It doesn’t matter how good any of the synthetic suites are, the real meat of the testing has to be under absolute real world conditions. This proves difficult as to record results we have to narrow down fluctuation. Therefore while we would say these are the most useful results to get from this review, there is always going to be a slight margin for error – its not absolutely scientific.
Firstly we installed a fresh copy of Windows 7 Ultimate 64bit Edition onto each of the drives, no programs were installed, just the operating system and a clean update from Microsoft with all patches and security fixes. The machine was then shut down and once started up we recorded boot times – until we reached a working desktop. We used a digital watch for this and repeated the test five times for each drive – once we had these five results we averaged the results and took that for the final figure. We also included a standard £70 Western Digital 1TB hard drive for comparison purposes.
A system that previously took 68 seconds to boot on a standard 1TB drive, now takes 19 seconds with 4 of the Intel 40GB SSD's in Raid 0. We are extremely impressed by this end result and while the graph doesnt show it, we noticed real world benefits when using the operating system also.
Yes, 1.5 seconds to open Adobe Photoshop CS5. Incredible is not the word ! To be fair, the Corsair F40 drives in dual Raid configuration were only marginally slower. Compare this to the 7 seconds it takes with a mechanical 1TB drive and you can see the benefits long term.
Stalker is a slow loading game at the best of times so rather than just measure Photoshop (which is fast regardless) we felt this was a worthwhile inclusion. Our fastest time was 14 seconds recorded with the Quad Raid 0 Intel solution, which was three seconds quicker than the dual Corsair F40 and five seconds faster than the 6GBps Crucial C300 256GB drive. This might not seem like much, but compare this to 34 seconds achieved with a 1TB drive and you begin to see the vast amount of time saved.
This site just gets cooler every day. what an awesome idea.
Over 650MB/s. Almost spat out my tea there, what a great concept idea from intel and very cool of them to send you 4 SSDS for this !

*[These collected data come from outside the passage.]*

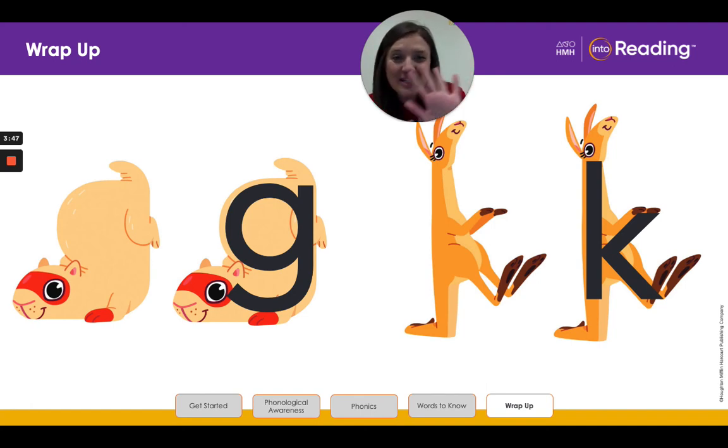Thank you so much for coming. I'll see you next time. Bye!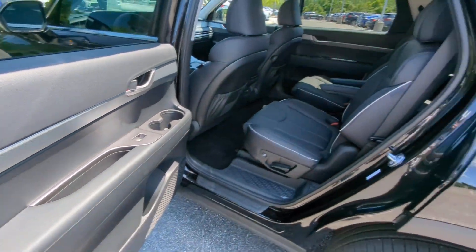Backup camera, satellite radio, power passenger seat, power liftgate, and heated mirrors.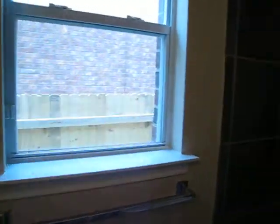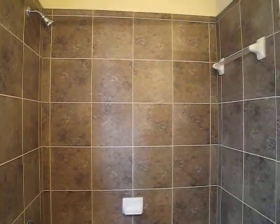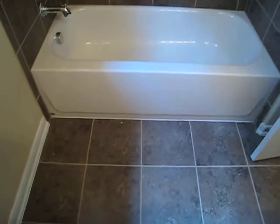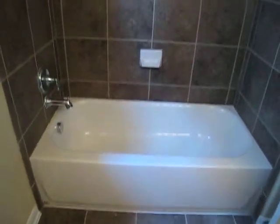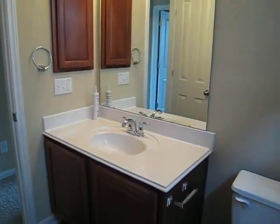There's me. And tile showers and tile floor. This is the second bathroom.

Tips my hat to you Zardon. what a brilliant idea and its actually VERY practical. this is easily upgraded over the months.
That is immense. I love the Corsair F40s and they would be faster than four of these, but if the prices of these drives drop to 80 each, what a bloody great deal. I STILL strongly believe that write speed is no where near as important as read in windows environment. Not outside a server anyway. This is a good indication of read performance.
Until you broke it down on conclusion page I had a brief moment of “WTF!” when I saw the review title. Great idea and it does scale very well, single drive write of 35mb/s is poorish, but it really helps in raid 0. Also that is brilliant to hear their raid 0 controller can still offer TRIM support! That might mean the edge over corsair.
Raid 0 TRIM support? I must have missed that one. intel stepped up to the plate with that. only maker I know who supports that unless ive missed more.
over 650 megabytes per second. Its quite amusing to see that. I know the PCIe controllers are much higher cost for this level of performance from flash memory.
holy crap batman – thats some mega bandwidth !!!!!
Very impressed with this – very interesting article.
An interesting point was made. People might look at this and say/ what the hell is the point? but when you look at the price in total, thats actually LESS than I paid for my first big mechanical hard drive. we are so spolit for choice now. clearly im showing my age.
I would be happy with one of these ! Seriously. I might get one from yoyotech when prices drop.
Is kitguru working with yoyotech now? I live near the store. might pop in and say hello.
As much as the article is fascinating, I dont think this is very realistic for most people. I mean you are using 4 SATA ports on your motherboard for a start which means most of them are gone without getting any mechanical drives.
@ Dan. I don’t agree. most motherboards now have 6 sata ports. even lower end boards. so you would be left with at least 2 slots. 2x2TB hard drives. 4TB mechanical ‘storage’ and mega quick boot up. Works for me and most people I would think.
4 SSDs? I almost swallowed my spoon there.
What is the point of this? 650 MB/s who the hell needs that?
@ Robert, probably not many ‘need it’ but people in some countries would say the same thing about the spoon you just swallowed. thats classed as a luxury also 😉
I think its interesting. If you did it with 256GB Crucial drives at £550 a pop then I might slap some heads, but these are meant to be dropping to £80 a piece soon, its not a lot really for maximum performance.
Fascinating idea really. and it works well. the write performance is quite low, even with four, but i guess it doesnt translate into crap real world performance
Great idea, love it. well done.
The game test got me, the start up time, thats wicked.
Scrummy. COrsair F40 are better but a little more expensive. Have to say I had no idea you lost TRIM support in RAid 0 so the fact Intel support it seems to be a decided factor.
Very nice testing idea, and its a good upgrade option for many users. the 40GB drives seem a great choice right now. Think the corsair ones are also very good.
Great review thanks for the unusual tests, really appeal to me. First time posting, but long time reader.